The radiative decay mode cannot be clearly separated from the Michel decay with a soft-photon. If the photon is (cannot) be detected in an experiment, the G4MuonDecayChannelWithSpin calculates the Michel electron spectrum correctly including O(1) radiative corrections.
If the experiment is sensitive to gammas, the radiative muon decay branching ratio (to be used for the simulation) depends on the gamma threshold of the experiment. The class G4MuonRadiativeDecayChannelWithSpin produces photons as can be seen in the attachement where y = 2E_g/m_mu.
A useful figure of how the SM differential branching ratio fraction changes with y can be found in:
(or it can be extracted from the attachment by normalizing the integral to 1.4% for E>10MeV.) References are Fronsdal and Ueberall, 1959 and Eckstein and Pratt, 1959.
> This channel is not implemented in the normal Decay process, but is > included in DecayWithSpin. Unfortunately, its branching ratio is much > too small -- it is 1.4% for ALL gammas, which makes it about 0.08% for > energy > 10MeV. So it looks to me like the note was not noticed.
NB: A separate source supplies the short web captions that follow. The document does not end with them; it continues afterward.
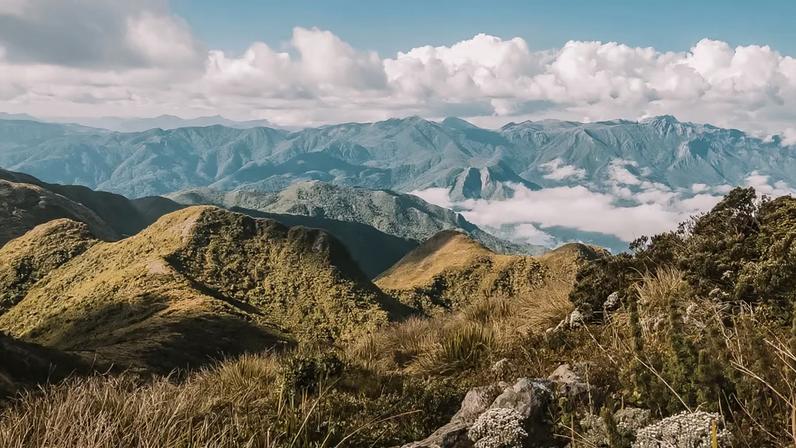 Serra da Mantiqueira vista panorâmica, com vegetação de montanha e trilhas, em dia claro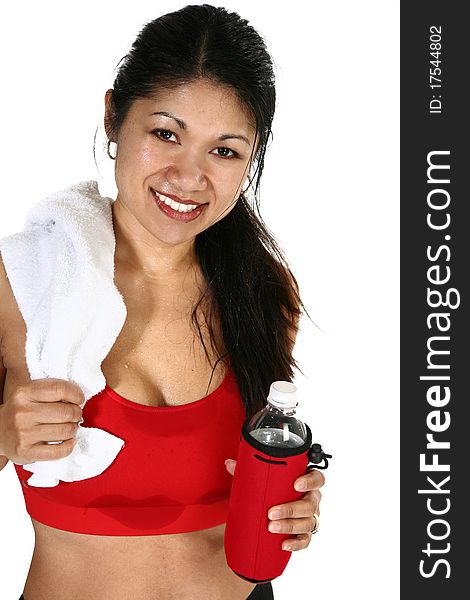Beautiful 30 year old Filipino woman in workout clothes, towel and water bottle sweating over white background. Beautiful 30 year old Filipino woman in workout clothes, towel and water bottle sweating over white background.
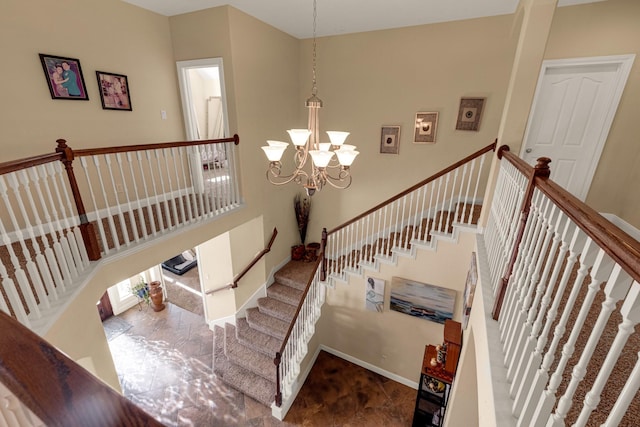 stairway with a high ceiling and an inviting chandelier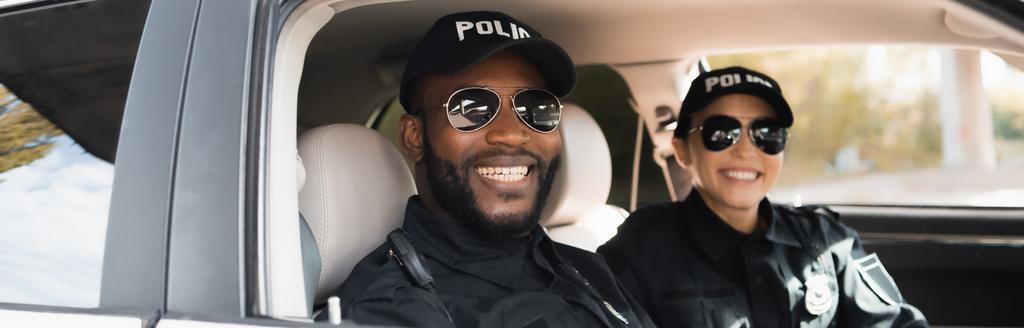 onnellisia monikulttuurisia poliiseja katsomassa kameraa partioautossa hämärtyneellä taustalla, banneri - Valokuva, kuva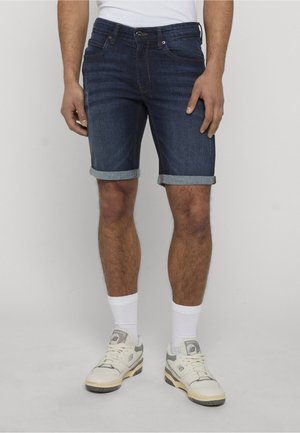 Homme portant un short en jean bleu foncé retroussé, des chaussettes blanches et des baskets blanches, debout devant un fond clair uni.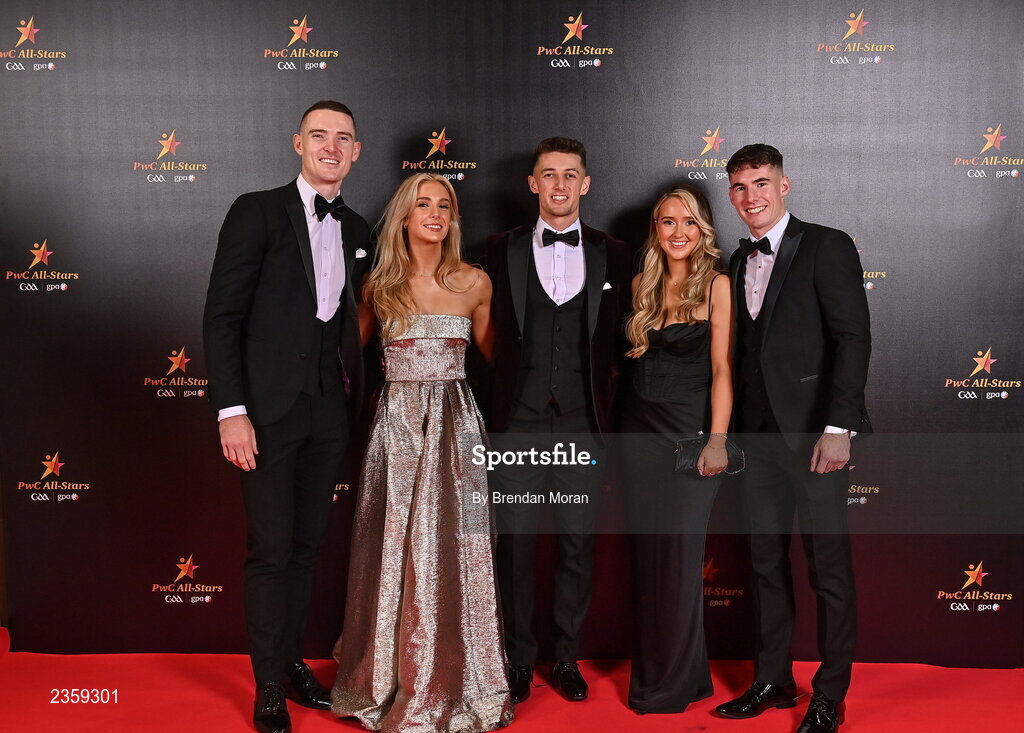28 October 2022; From left, Brian Fenton of Dublin, Katie Molloy, Evan Comerford, Ellen Healy, and Lee Gannon on arrival at the PwC All-Stars Awards 2022 at the Convention Centre in Dublin. Photo by Brendan Moran/Sportsfile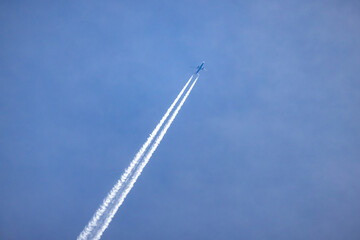 Jet plane with long white trail in blue sky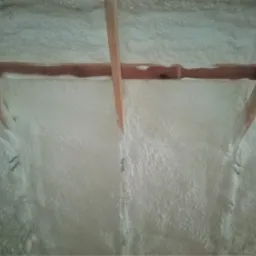 Poddasze ocieplone białą pianką natryskową, widoczne drewniane elementy konstrukcji dachu, gdzieniegdzie wystające metalowe elementy mocujące.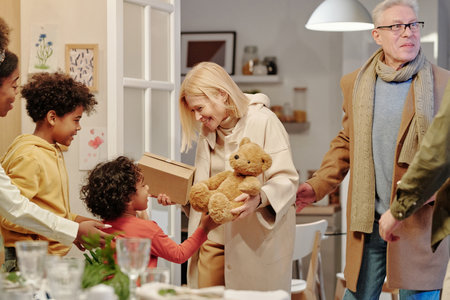 Happy mature blond woman in beige coat passing teddybear to cute little grandson standing in front...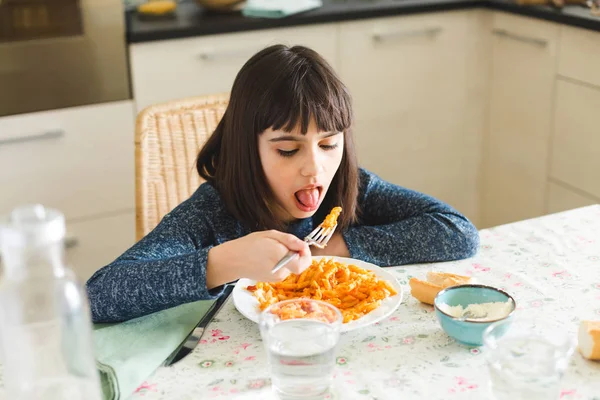 Маленька дівчинка їсть макарони вдома — стокове фото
The 1.4% appears only in examples, but thanks, for pointing this out! The correct implementation would be to resample the decay branch until a photon is produced that is larger than the threshold with the corresponding branching ratio supplied by the user.
> If I assume the energy distribution is correct, then the overall > branching ratio is about 24%. That's quite large and cannot reasonably > be ignored. Why is the conventional wisdom "muons decay into an electron > plus two neutrinos", when a quarter of the time they don't?
This leaves us with another problem, however, and that is how to sample now the Michel energy distribution for the "normal" muon decay in G4MuonDecayChannelWithSpin where currently the O(1) radiative corrections have been obtained by integrating over all gamma energies and angles.
> This can be a serious error for experiments involving muon decay > backgrounds, because for high-energy muons, those gammas from ~24% of > the decays get boosted to significant energies. Even for stopped muons, > some 5-10% of the decays have gammas above the pair-production > threshold. Surely many experiments ought to see this....
Yes, those experiments need very carefully drafted muon decay routines that account for their finite photon sensitivity (in energy and, possibly, angle) for the radiative decay, balanced by a modified Michel decay routine that takes the explicit generation of some part of the external bremsstrahlung spectrum into account as well.
> Does anybody know the real story here? What should we do about it? IMHO > the Decay process is in error by omitting a channel with a branching > ratio of ~24%, as is DecayWithSpin.
At this point, Geant4 provides a routine that allows the careful sampling to O(1) rad. corrections of the Michel electrons and it provides a routine that samples the e and gamma in rad. muon decay. An experiment would typically simulate the rad. decay as a background to their observable by adjusting the strength (BR) in their final fit.